REQUIREMENT: Please output exactly the lines from the one containing "Japanese Black Pine, Ondai" through the end of the records below, leaving out any pictures.

*** Opening of RECORD EXTRACTS ***

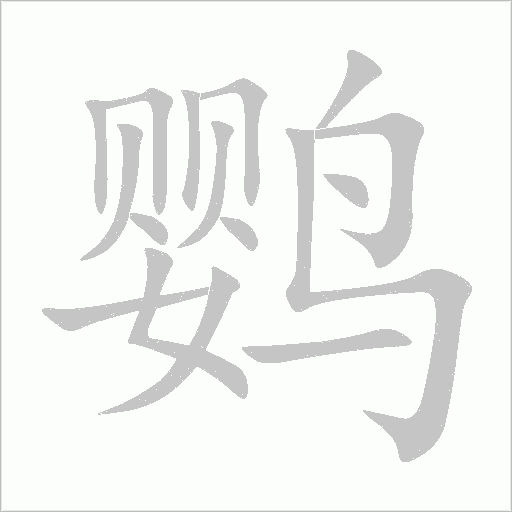 鸚的筆順動(dòng)畫演示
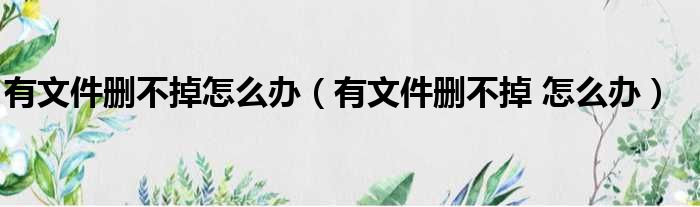 有文件删不掉怎么办（有文件删不掉 怎么办）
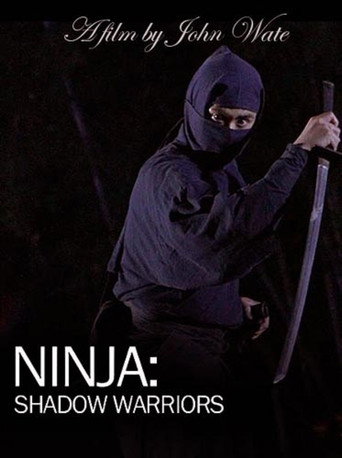Póster de Ninja Shadow Warriors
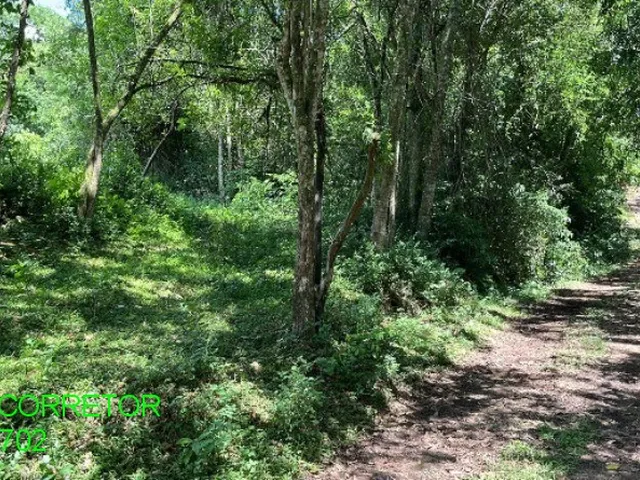 Imagem 4: Chacara Rural em Maratá - Rs, Macega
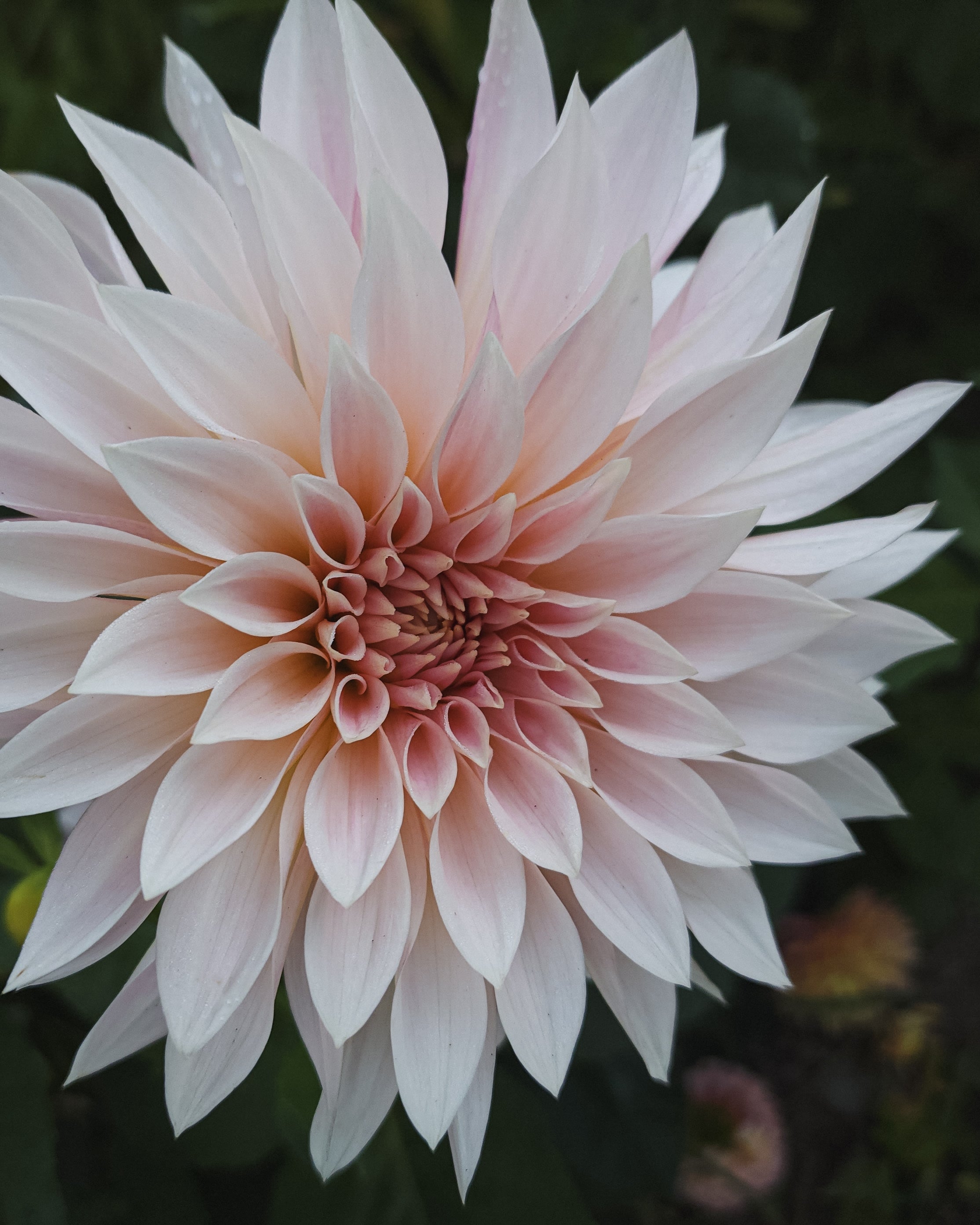 Café au Lait Mini (Jolene) Dahlia Tuber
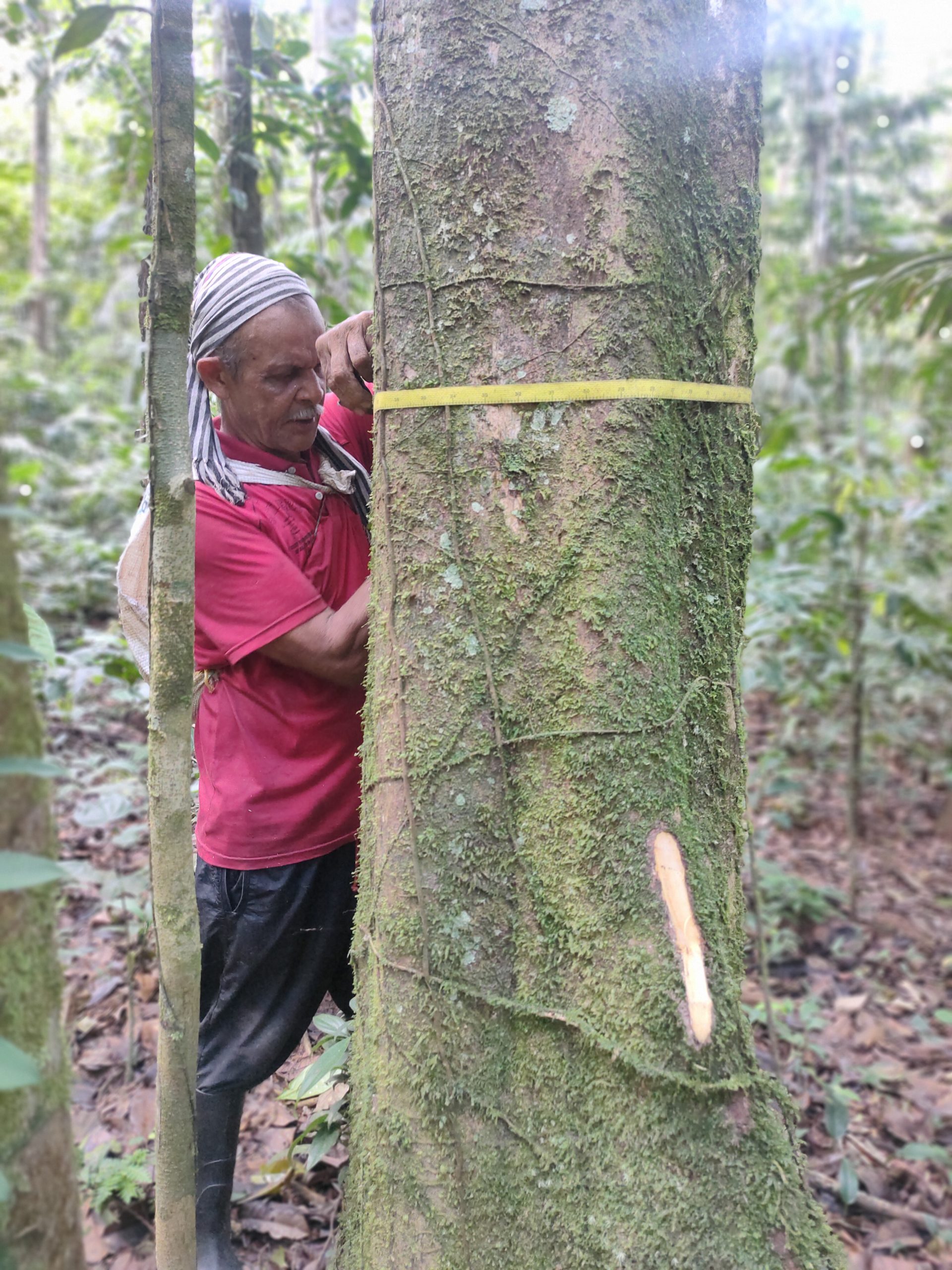 Piloto de Manejo Forestal Sostenible en Las Quillas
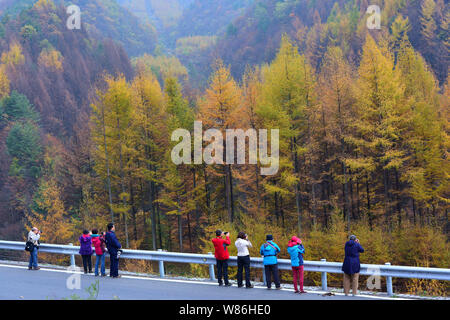 --FILE--touristes de prendre des photos de paysage de Shennongjia Réserve naturelle nationale à l'automne dans le district forestier de Shennongjia du centre de la Chine Hubei p Banque D'Images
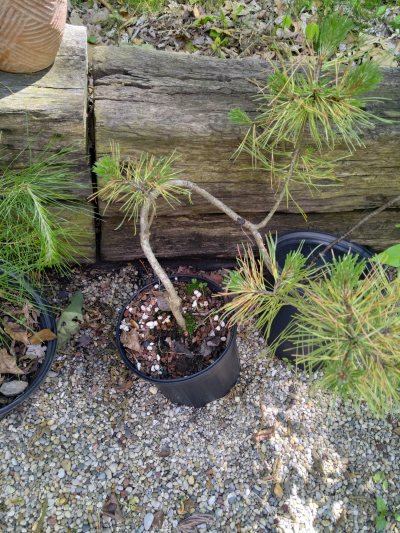 Japanese Black Pine, Ondai twisted graft tree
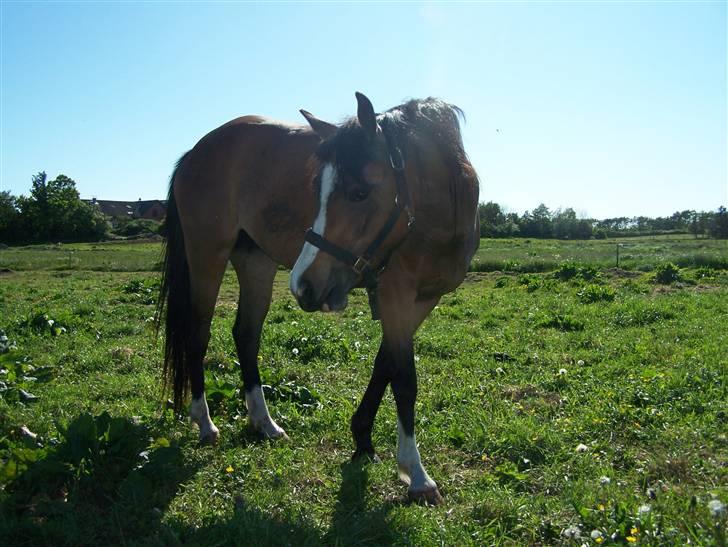 New Forest Lundgaards Friday billede 16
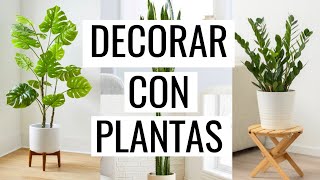 ✓ Las 10 mejores PLANTAS DE INTERIOR PARA DECORAR tu hogar ? (PURIFICAN  AIRE) + CUIDADO - YouTube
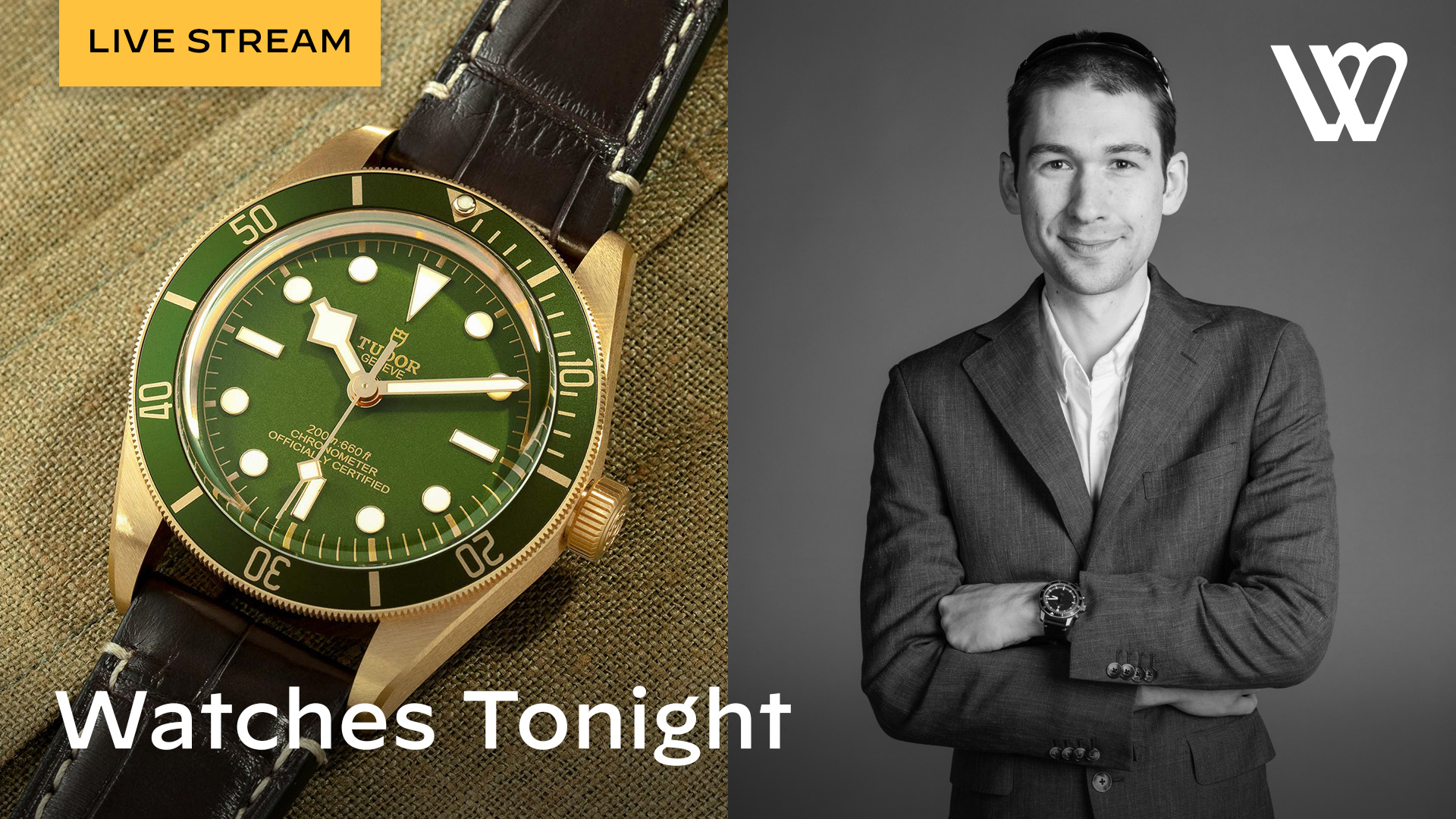 Best Tudor Watches in 2024: Prices + Models - The Baby Brand Goes Upmarket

*** Close of RECORD EXTRACTS ***

RESULT:
 Japanese Black Pine, Ondai twisted graft tree
 New Forest Lundgaards Friday billede 16
 ✓ Las 10 mejores PLANTAS DE INTERIOR PARA DECORAR tu hogar ? (PURIFICAN  AIRE) + CUIDADO - YouTube
 Best Tudor Watches in 2024: Prices + Models - The Baby Brand Goes Upmarket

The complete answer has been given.